The evidence shows that people seldom buy a strange brand just because its price is cut.
1. High-quality products should be more expensive. 2. High-priced products should offer prestige.
If you have a product difference, then you should be able to demonstrate that difference.
Every aspect of your communications should reflect your difference. Your advertising. Your brochures. Your website. Your sales presentations.
How much of your message gets through depends to a large part on what you are selling.
The best way to really enter minds that hate complexity and confusion is to oversimplify your message.
The lesson here is not to try to tell your entire story. Just focus on one powerful differentiating idea and drive it into the mind.
Behavioral scientists say there are five forms of perceived risk: monetary risk, functional risk, physical risk,social risk, psychological risk.

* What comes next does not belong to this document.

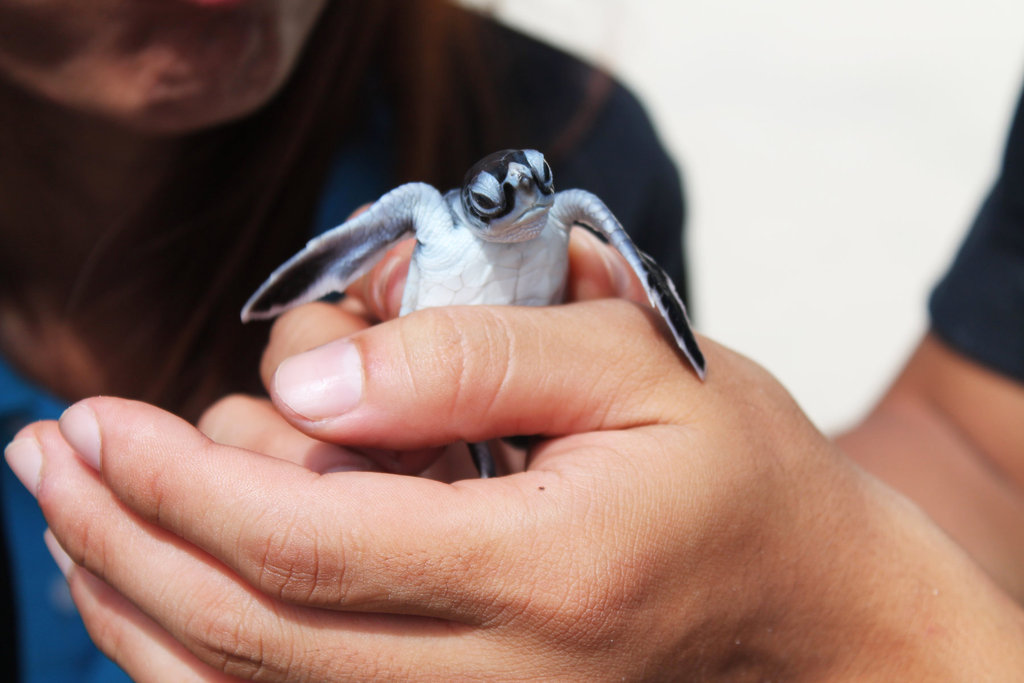 Phần 2: Những giọt mồ hôi ở hồ ấp trứng&nbsp;rùa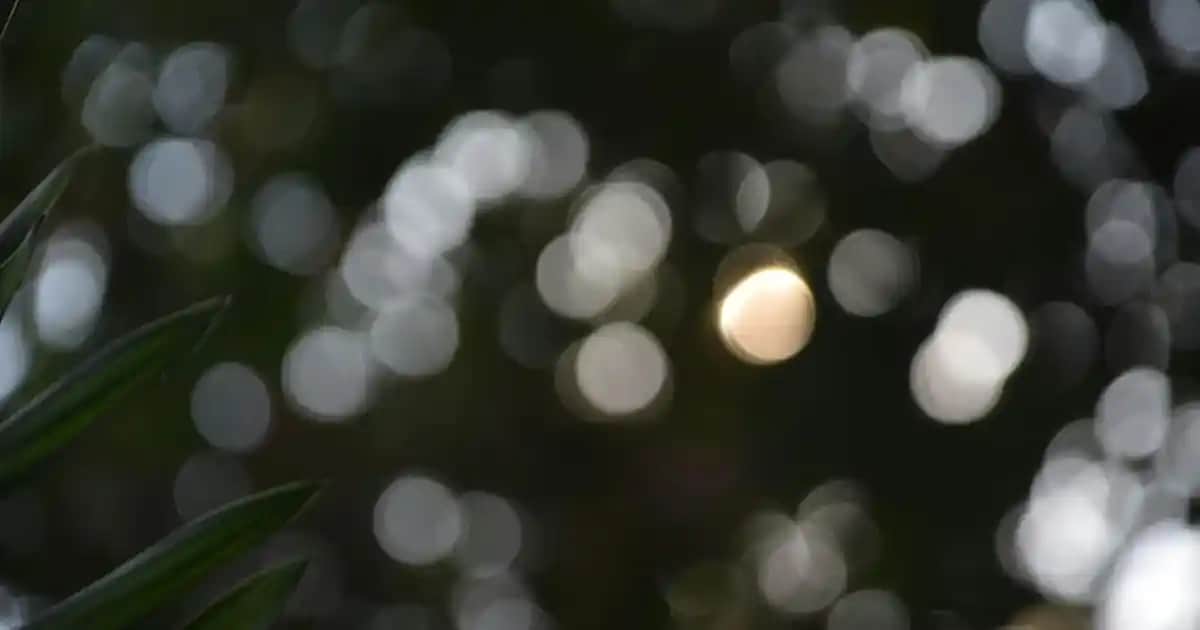 Kazak Sıkışması ve Modern Trendler: Rahat ve Şık Giyim İçin İpuçları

When the market makes up its mind about a product, there’s no changing that mind.
The more variations you attach to the brand, the more the mind loses focus.
The brand extension products performed significantly less well than the products launched with new brand names.
Studies show that in most cases being first to the market provides a significant and substantial market share advantage over later entrants. It also forces later entrants to find their own distinctive positioning strategy.
If you’re introducing the first brand in a new category, you should always try to select a name that can work generically.
Being first is one thing. Staying first is another. It takes enormous effort and energy to ride that wave.
Successful firsts aren’t tricky. They tend to be good ideas.
Being first in one part of the world doesn’t preclude someone from borrowing that idea and launching a “first” in his or her own part of the world.
But beware, you can’t own the same attribute or position that your competitor owns. You must seek out another attribute.
The most effective attributes are simple and benefit oriented.
You can’t predict the size of a new attribute’s share, so never laugh.
When you do get on top, make sure the marketplace knows it.
If you can’t get everyone to prefer you, find a group that will.
Focus on the product and locate that unique piece of technology.
Magic ingredients don’t have to be explained, because they are magic.
Doing things like your bigger competitors is how to get killed in the wars out there.
An indirect way to use the press is to entice them to write about the problem that you happen to be solving with your product or company.
In our view, two bad things happen when companies chase the god of growth. First, they become distracted and miss the opportunity to pour it on and preempt that differentiating idea, or to make it bigger and better. Problem 1: Distraction – You dominate the high-performance business by getting more customers to want high-performance computing. Problem 2: Line Extension – The more things you try to become and the more you lose focus, the more difficult it is to differentiate your product.
Gillete Mach 3, Atra, etc. – ”the complementary approach,” as you have brands that complement rather than compete with one another.
When you study categories over a long period of time, you can see that adding more can weaken growth, not help it.
Most failed brands once had a differentiating idea that they destroyed by adding more and more versions.
When you chase after another target segment, chances are you’ll chase away your original customer.
In many cases, the sacrifice is found primarily in how you communicate or craft your message to the marketplace as to why you’re different. Once you capture those prospects, you’re free to sell them whatever. And how you make your money is yet another issue.
And that’s the problem with all-out globalization. Tastes vary. Preferences vary. People vary. You can differentiate anywhere. But you can’t differentiate everywhere with the same idea.
Differentiating has got to line up with the perceptions in the mind, not go against them.
“The foundation of effective leadership is thinking through the organization’s difference, defining it and establishing it, clearly and visibly.”